Em seu discurso, Lula falou que “o clima não é mais apenas uma visão acadêmica, não é mais uma visão de meia dúzia de intelectuais, não é mais uma visão de meia dúzia de ambientalistas.” Capaz da fala ter agradado os cientistas climáticos que organizam o Pavilhão de Ciências Planetárias na COP30. Horas antes, eles haviam divulgado um novo manifesto, chamando de “provocação” as propostas sobre fósseis e desmatamento apresentadas pela presidência da conferência ontem (18/11), no primeiro rascunho da Decisão Mutirão. “Os delegados parecem não entender o que é um roteiro. Um roteiro não é um workshop ou uma reunião ministerial. É um plano de trabalho real, que precisa nos mostrar o caminho, de onde estamos, para onde precisamos chegar, e como chegar lá”, afirmou Johan Rockström, do Potsdam Institute for Climate Impact Research.
Show me the money
Lula falou também de financiamento, outra pauta sensível a qualquer COP. “Nós precisamos convencer as pessoas de que os bancos multilaterais que cobram uma exorbitância de juros dos países africanos e dos países pobres da América Latina precisam transformar parte dessa dívida em investimento, para que a gente possa fazer com que a questão da transição energética seja verdadeira. As empresas petroleiras têm que pagar uma parte disso. As mineradoras têm que pagar uma parte disso. As pessoas que ganham muito dinheiro têm que pagar uma parte disso. Porque senão, quem vai sofrer é a parte mais pobre do planeta Terra.” A fala passa um recado aos delegados encarregados de negociar, dentro da Meta Global de Adaptação (GGA), as políticas que viabilizem a adaptação dos países mais pobres aos efeitos das mudanças do clima. Por ora, a negociação segue atravancada. O grupo de negociadores africanos (AGN) pede mais dois anos para chegar a um consenso sobre o número de indicadores que devem ser adotados como critério para o financiamento, sob o argumento de que não faz sentido estipular uma lista sem que antes haja uma definição sobre o valor disponível. “Seria um pouco como colocar um telhado numa casa sem que haja dinheiro para o resto da obra”, disse Pooja Dave, que tem acompanhado as negociações pela Climate Action Network.
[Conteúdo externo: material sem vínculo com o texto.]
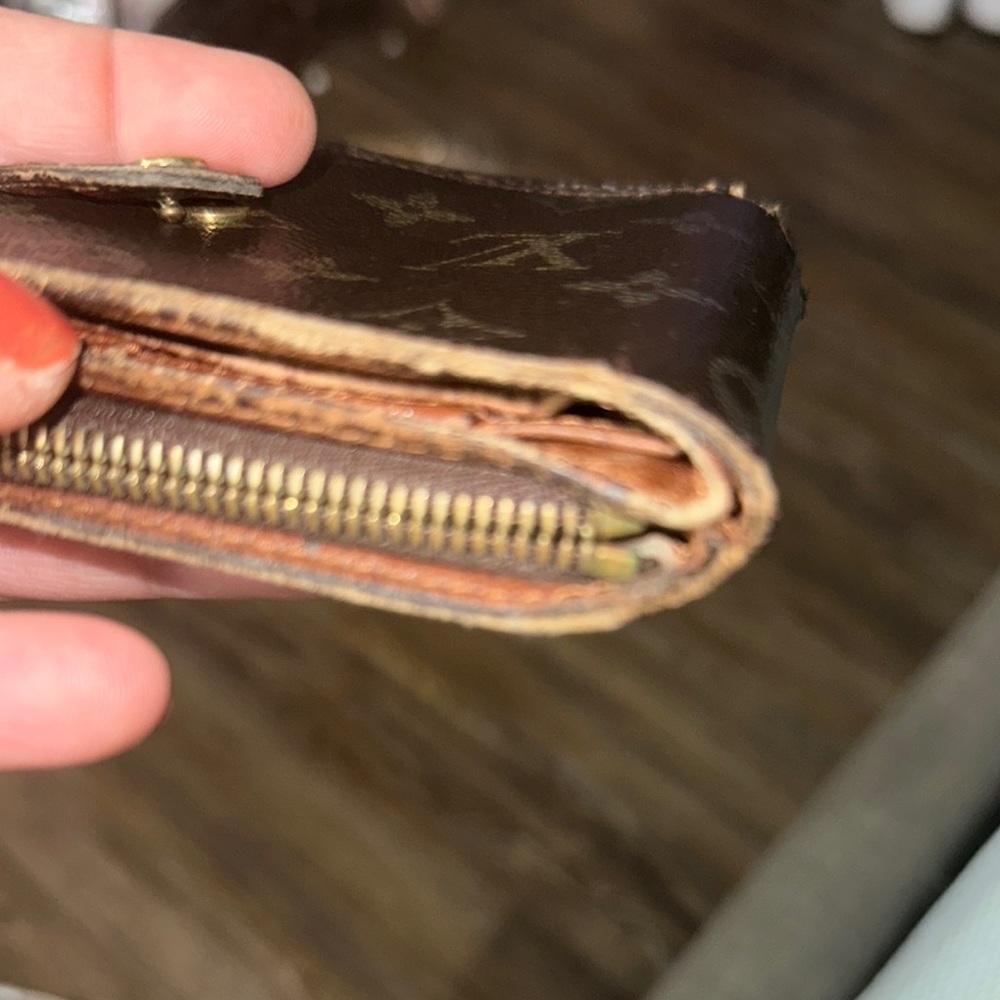 Louis Vuitton Monogram Wallet has a little wear on Corner good condition cute 🥰 - Picture 10 of 16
Já os países europeus relutam em falar de dinheiro no GGA, sob o argumento de que o tema deveria ser definido em outros espaços com mandato para discutir o assunto.
União Europeia ganha fóssil do dia
“Gosta de se imaginar como um verdadeiro líder climático, mas revelou-se um bloqueador de negociações profissional”. Assim a Climate Action Network descreveu a União Europeia, agraciada com o antiprêmio Fóssil do Dia, concedido aos países que mais atrapalham as negociações na COP. A CAN descreveu alguns dos itens do “menu completo” de bloqueio oferecido pela UE, começando pela trava ao financiamento público para a ação climática nos países em desenvolvimento. A rede citou ainda os esforços do bloco para que o artigo 9.1 do Acordo de Paris, que trata justamente da obrigação dos países ricos com financiamento, permaneça “o mais vago possível” e sua negativa em apoiar (com dinheiro) ações de adaptação nos países pobres. A Arábia Saudita ganhou a “menção desonrosa” do dia, por seus esforços para minar a ação climática global durante a semana – incluindo a rejeição à declaração da Corte Internacional de Justiça sobre a obrigação legal dos países com a ação climática.
Tempo de amor
No ano que vem teremos a primeira Copa do Mundo organizada por três países. E, de quebra, uma COP organizada por dois. Numa decisão no mínimo exótica, Turquia e Austrália concordaram em repartir a conferência, com a Turquia entrando com a sede e a Austrália, com a presidência. A decisão ainda precisa ser referendada pelo grupo dos Estados da Europa Ocidental e Outros, da qual os dois países fazem parte.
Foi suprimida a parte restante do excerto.